Wenn Liberalisierung, dann mit EU-Standards, fordert die italienische Gewerkschafterin

taz: Frau Fedeli, wie steht die „High Level Group“ der EU zum Auslaufen des Welttextilabkommens?

Valeria Fedeli: Da hilft kein Jammern. Das wissen wir schließlich schon seit Jahren. Wichtig ist, wie wir reagieren, wenn es keine Quoten mehr gibt. Und da sind die entscheidenden Punkte, dass wir einerseits in Europa industriepolitisch agieren müssen und andererseits faire internationale Wettbewerbsregeln fixieren müssen. Wenn da nichts geschieht, wird das Ende der Quoten verheerende Folgen für die Beschäftigten nicht nur in Europa, sondern auch in den Entwicklungsländern haben.

Gibt es eine gemeinsame Position Ihrer Gruppe zur Zukunft des Welttextilmarktes?

Ja, die, dass die EU-Kommission die Branchen Textil-Bekleidung-Leder als strategischen Sektor der Industrie Europas eingestuft hat – als Sektor, der Fähigkeit zur Innovation demonstriert hat. Die vielen dagegen, die uns schon abgeschrieben haben, haben kein Gehör gefunden.

Warum ist das so wichtig?

Weil die EU-Kommission – unterstützt von der High Level Group – daraus den Schluss zieht, dass die Europäische Union und die nationalen Regierungen unsere Branche gezielt unterstützen müssen. Denn es geht hier schließlich um Themen wie Forschung, Weiterbildung, aber auch um die Bedingungen für die auf dem Weltmarkt konkurrierenden Länder. Das betrifft dann auch die Einhaltung von Sozial- und Umweltstandards.

Und die Formulierung solcher international verbindlichen Regeln ist Konsens in der High Level Group?

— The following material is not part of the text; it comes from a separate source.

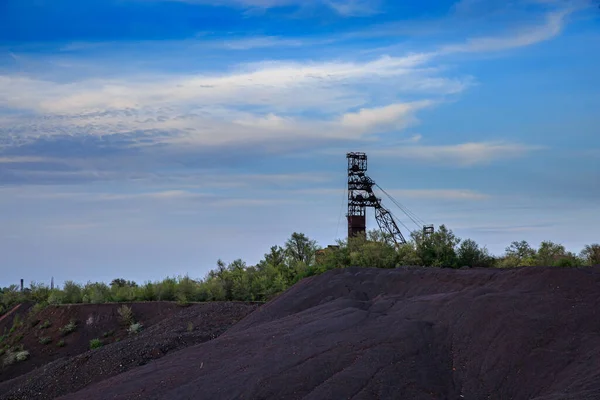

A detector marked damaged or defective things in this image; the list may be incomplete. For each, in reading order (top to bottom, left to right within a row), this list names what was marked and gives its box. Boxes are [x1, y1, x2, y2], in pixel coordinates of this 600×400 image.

rusty steel tower [346, 152, 432, 247]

Da gibt es noch Differenzen zwischen den mittel- und nordeuropäischen Ländern einerseits, den südeuropäischen Staaten – wo Textil und Bekleidung noch nennenswertes Gewicht haben – und den europäischen Gewerkschaften andererseits. Wir verlangen die Zertifizierung der gesamten Produktionskette, so dass für jede Phase der Fertigung festgestellt werden kann, wo und unter welchen Bedingungen sie erfolgt ist. Nur so kann gewährleistet werden, dass soziale Mindeststandards eingehalten werden, Sozialdumping also ausgeschlossen wird. Aber Deutschland, Großbritannien und Nordeuropa lehnen das bislang ab.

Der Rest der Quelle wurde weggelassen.